かつては世界各国で、大地から食べ物を生み出す力は命を生む性である女性に備わっていると考えられていた。日本でも田植えは早乙女(さおとめ)と呼ばれる女性たちがする習わしだった。旧石器時代には女神信仰が存在し、13,000年前か5,000年前までの遺跡から発掘された神の像はみんな女神像だという。トルコで見つかった世界最古の都市チャタル・ヒュユクの遺跡(8,500年前)からは、大麦、アワ、女神像が出土しているが、この遺跡では、数千年に渡って争いが無かったことが判明している。エーゲ海のクレタ島では5,000年前から3,200年前まで女神文明が栄えていた。日本では青森県で、4,500年前から1,500年もの間定住し雑穀を栽培して平和に暮らしていた縄文時代の遺跡(三内丸山遺跡)が発見されている。多くの女性像(土偶)もともに発掘されている。

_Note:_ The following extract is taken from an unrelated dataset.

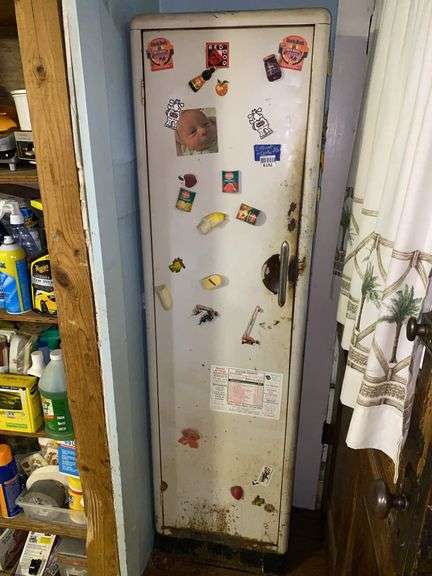 Metal storage cabinet w/ magnets and contents: glasses, mugs, storage jars, misc18x65x13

世界各地の先住民は、地球を母と感じ、母なる地球のエネルギーを分けてくれる聖なる食べ物として穀物を食べ、母なる地球の分身として女性を敬い暮らしてきた。
女は次代の生命を生み育てることと、地球のもたらす食べ物、特に地球のおっぱいである穀物を育てつなぐことの、2つの役割を担う生命体。そのために女には地球と交信してそこから知恵とエネルギーを受け取る受信機としての力が備わっていると思う。
雑穀は現代の女性にとって、なくしてしまった羽衣ではないかとこのごろ強く感じている。女が雑穀という羽衣をしっかりまとって天心で生きる天女に戻った時、やってくる未来に胸がふくらむ。